The Box Jellyfish – of which there are 43 breeds – is not only the most venomous jellyfish but the most venomous of all sea creatures. Death can occur within 5 minutes of being stung. The Box jellyfish is considered more dangerous than the deadly Black Widow spider! Since records began in 1883, there have been at least 69 deaths attributed to the Box Jellyfish. These jellyfish inhabit the shallow shores of South East Asia and the Australian coastline.

The Irukandji is the next deadliest and almost all of its stings are fatal. This tiny Jellyfish only measures 25 millimetres long by 5 wide or 1/5 of an inch. They only have 4 tentacles and each can be a yard long. They are almost impossible to see. The Irukandji’s habitat is the northern and eastern coast of Australia but has been extending further south over the years. It seems that this Jellyfish has started to migrate, they have been found in the waters off Thailand, Japan and the Florida coast.

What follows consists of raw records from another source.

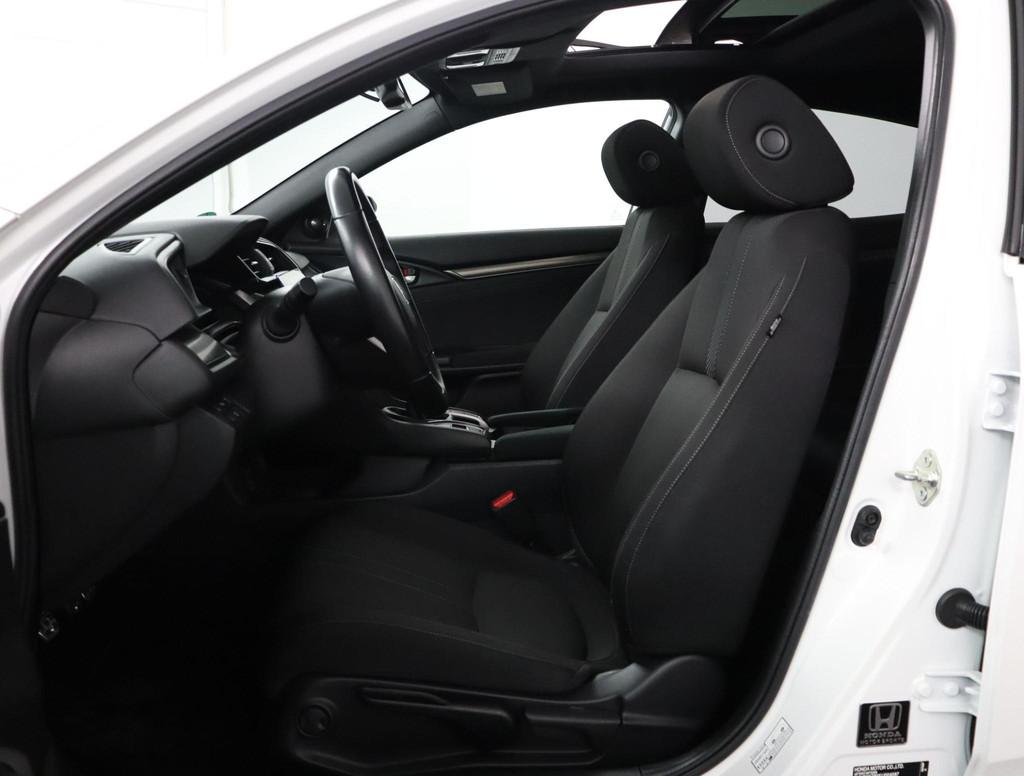 Honda Civic 1.0 i-VTEC Executive | NAP | Pano | Cruise | Nav, Auto's, Stof, Gebruikt, Euro 6, 1246 kg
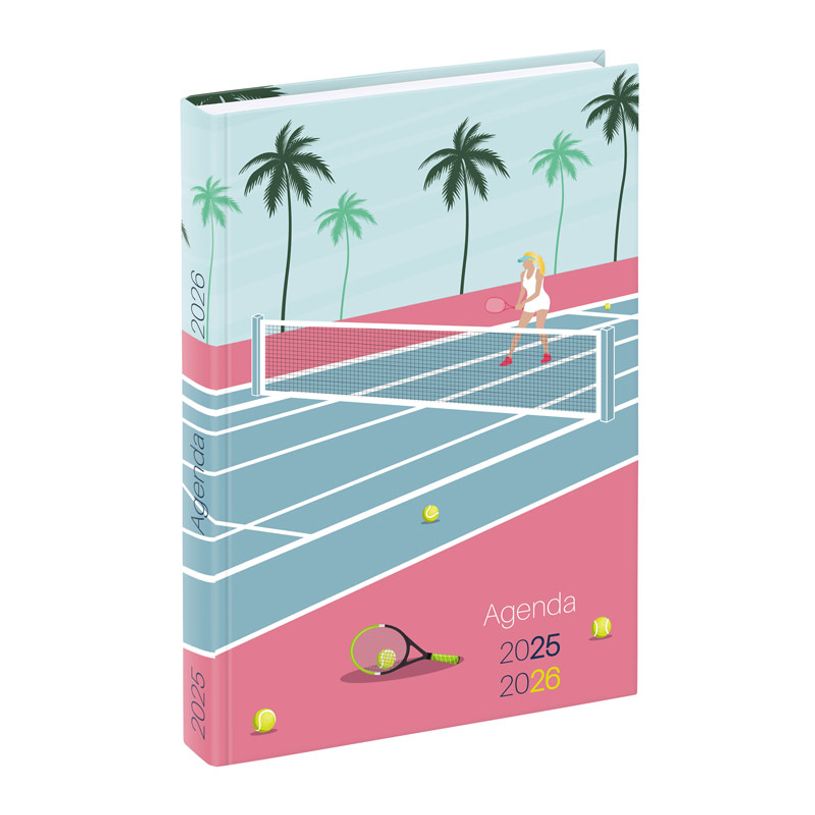 3135257454553-Agenda Girl Sport - 1 jour par page - 12 x 17 cm - Viquel-P_405226405_3-2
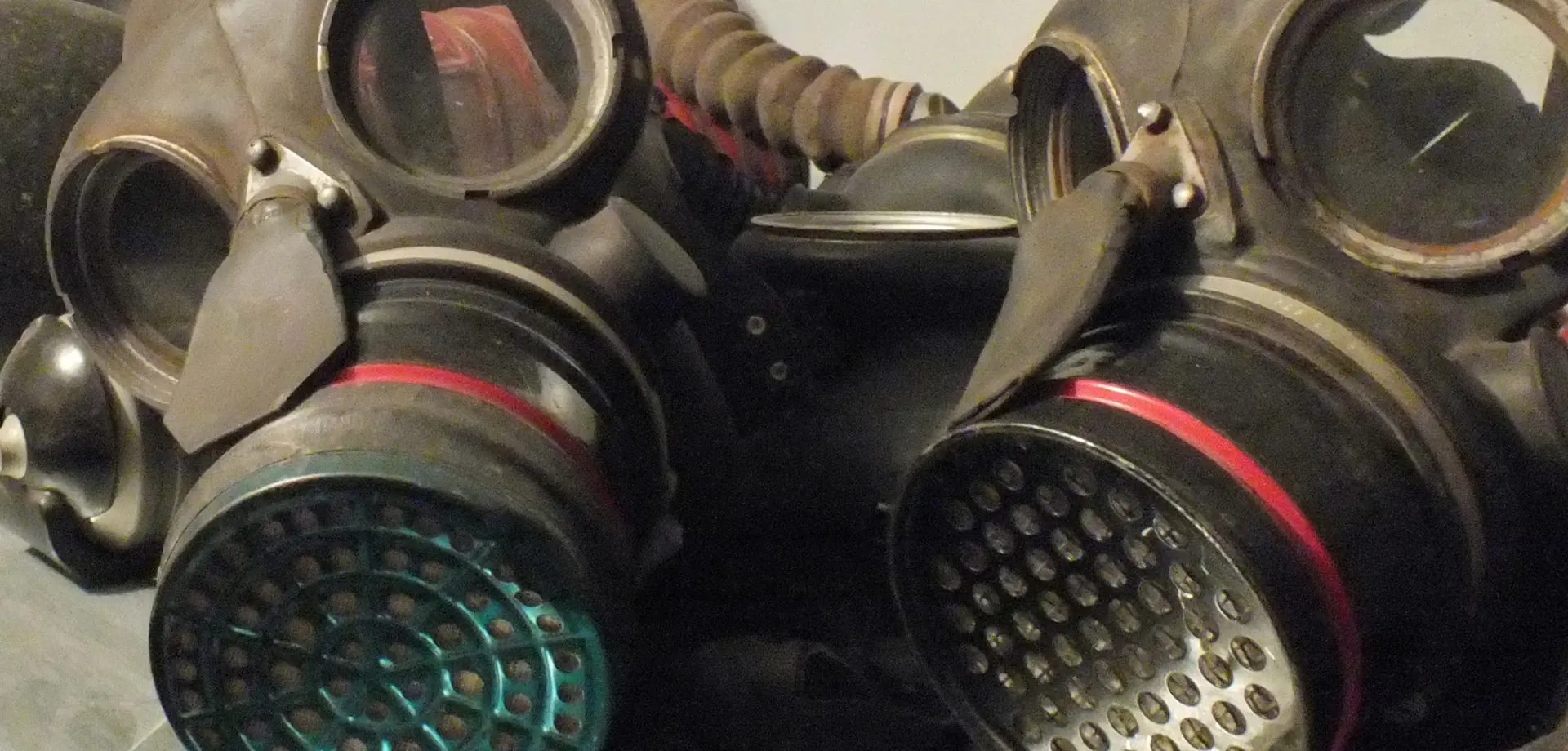 Gas masks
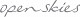 OpenSkies logo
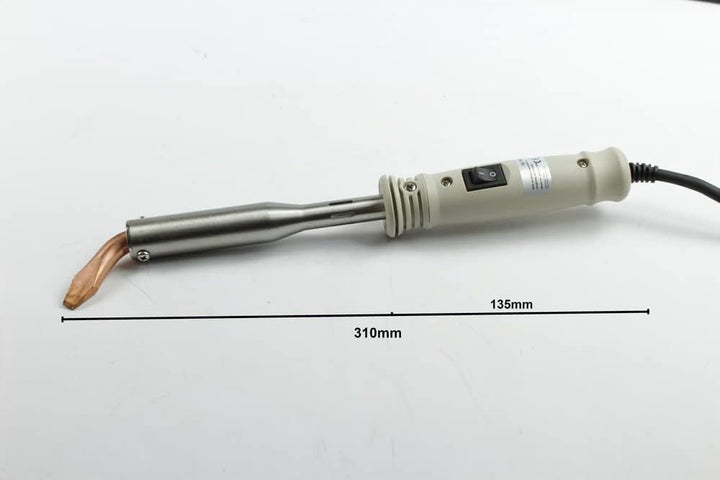 Lötkolben mit Schalter 150W Dauerlötspitze Lötgerät Löten mit Halterung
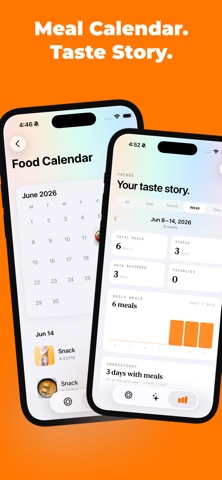 YumPal - Visual Food Journal iPhone screenshot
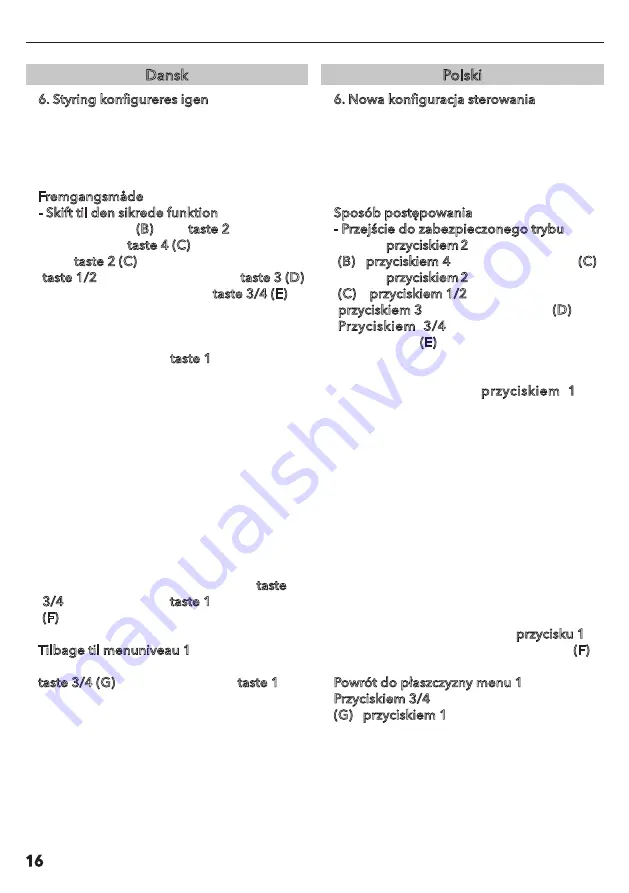 PHARO 97303000 Service Download Page 16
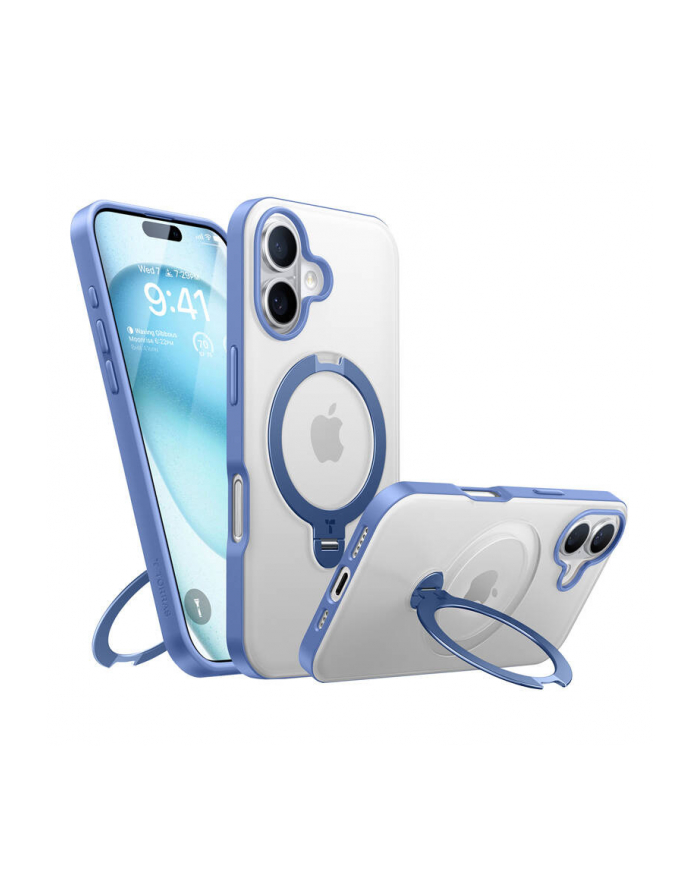 Torras Ostand Spin Etui Ochronne Z Podstawką Case Do Telefonu Iphone 16 główny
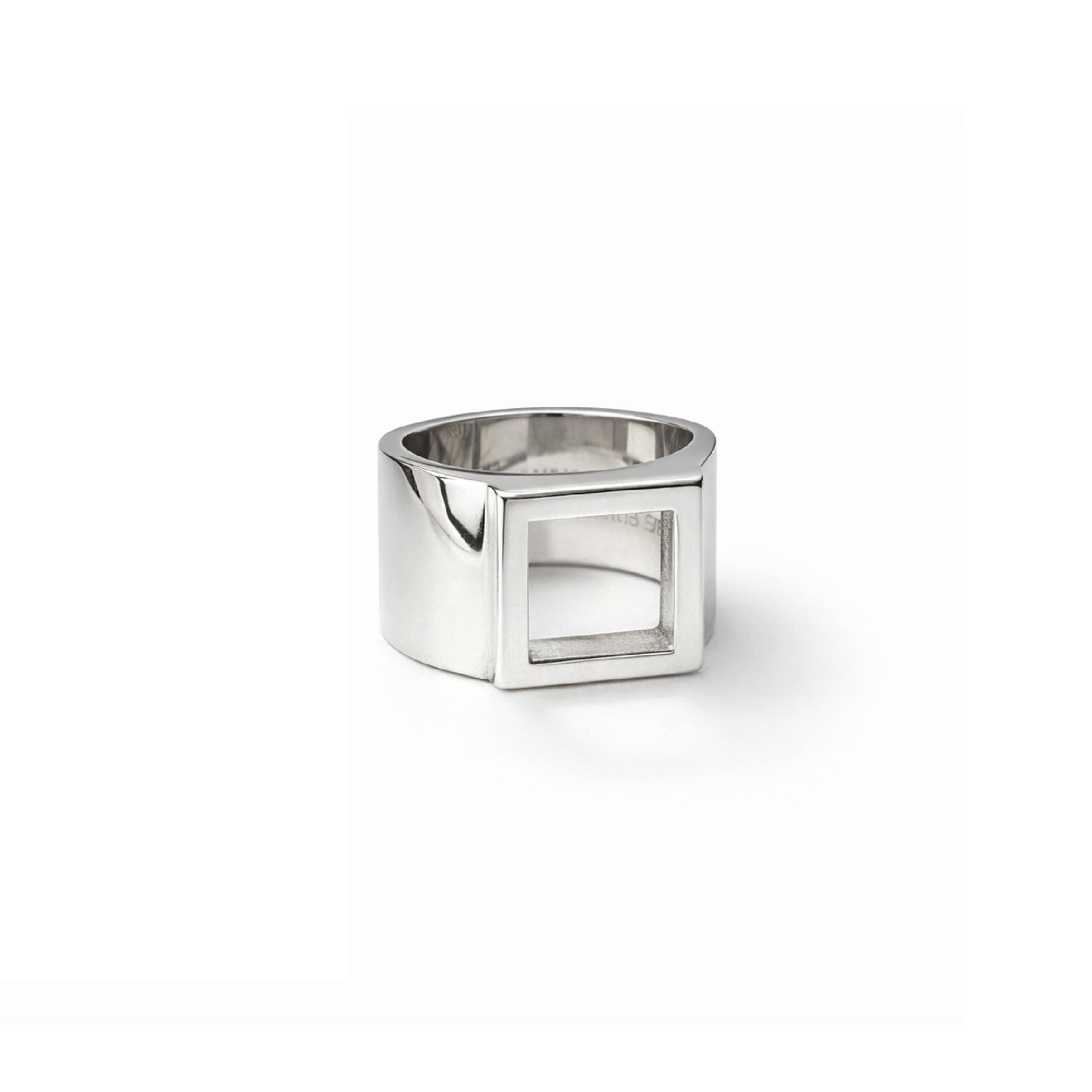 MORPH SILVER RING - DE LA ROSA TULUM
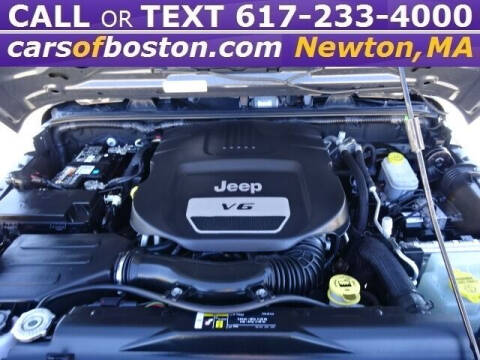 2018 Jeep Wrangler Unlimited Sport S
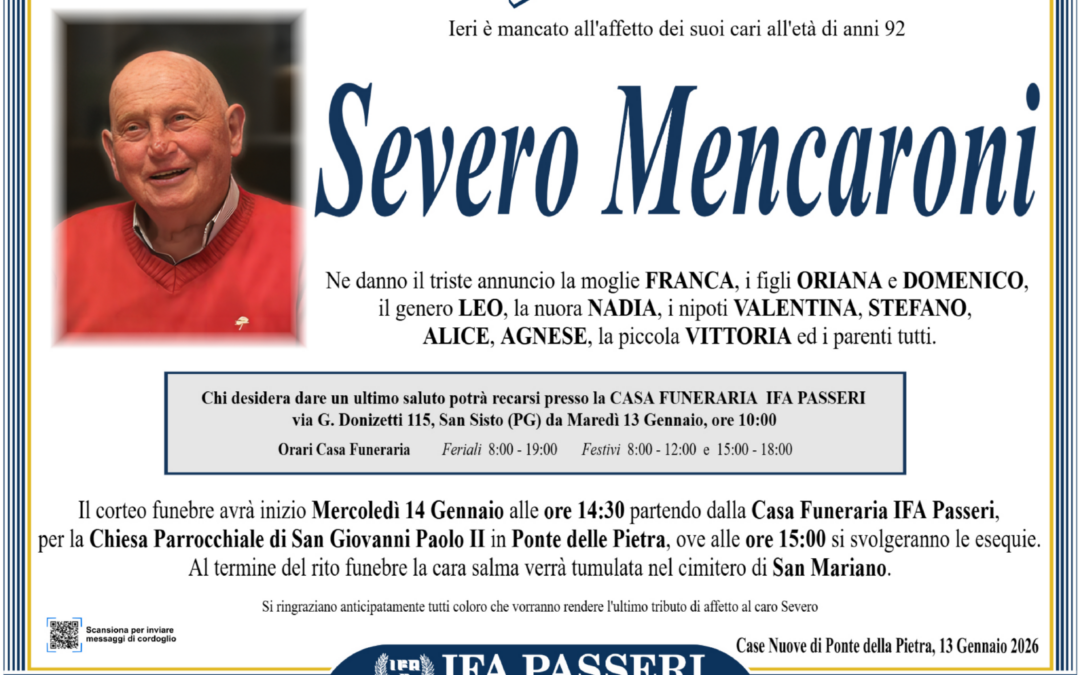 Severo Mencaroni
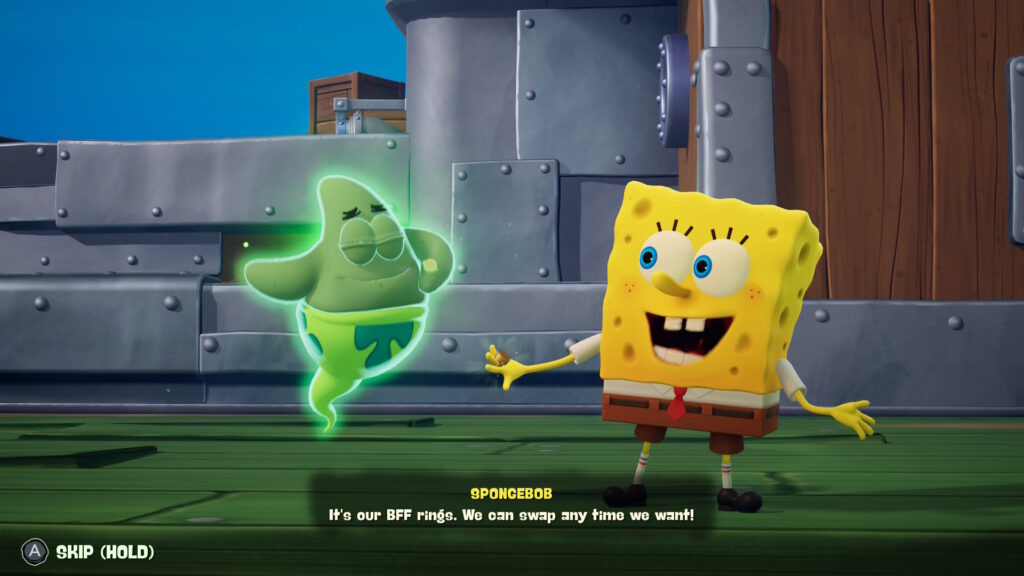 Spongebob-swap-1024x576 SpongeBob SquarePants: Titans of the Tide - Review - Waaay better than a "kids' game"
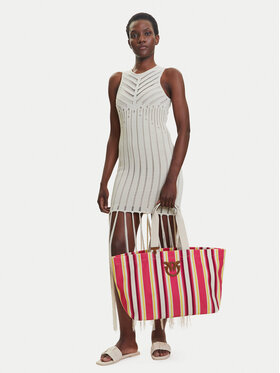 PINKO PINKO Τσάντα Shopping Bag Extra PE 25 PLTT 104754 A2G5 Ροζ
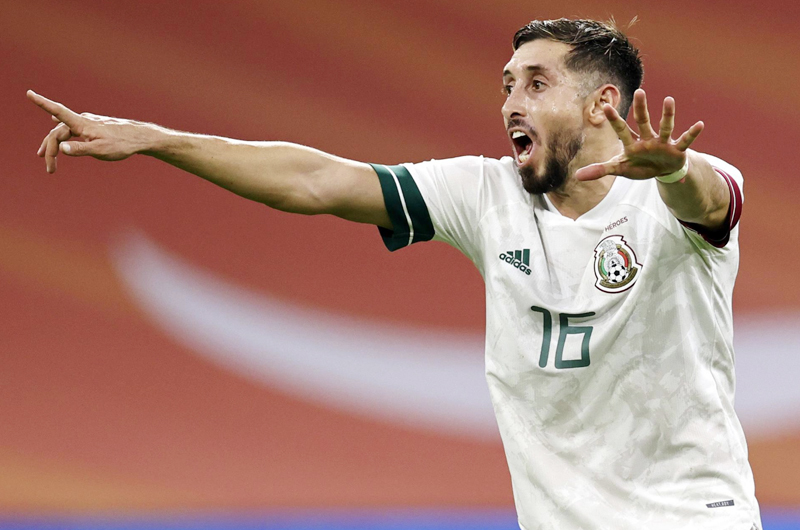México, con Herrera de vuelta, y Uruguay, sin Luis Suárez, preparan Mundial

The Portuguese-man-of-war is one that everyone has heard of, however, its sting is not always fatal if the victim gets medical attention quickly. Oddly enough it isn’t considered a true Jellyfish. It is part of the Cnidaria family because it has tentacles, but scientifically it is called a siphonophore. This means that the man-of-war is actually a colony of tiny creatures called Zooids, not one complete organism. Unlike others, this creature cannot propel itself; it just drifts with the currents or is blown along by the wind. It can be found in the Atlantic, Pacific, and Indian oceans.

Summary

Unfortunately, there isn’t a great deal of scientific knowledge about Jellyfish compared to what is known about many other marine species. They are beautiful and fascinating, but some are obviously deadly. New species are being discovered all the time, so the study of them will be a long and important undertaking as their momentum for dominance continues.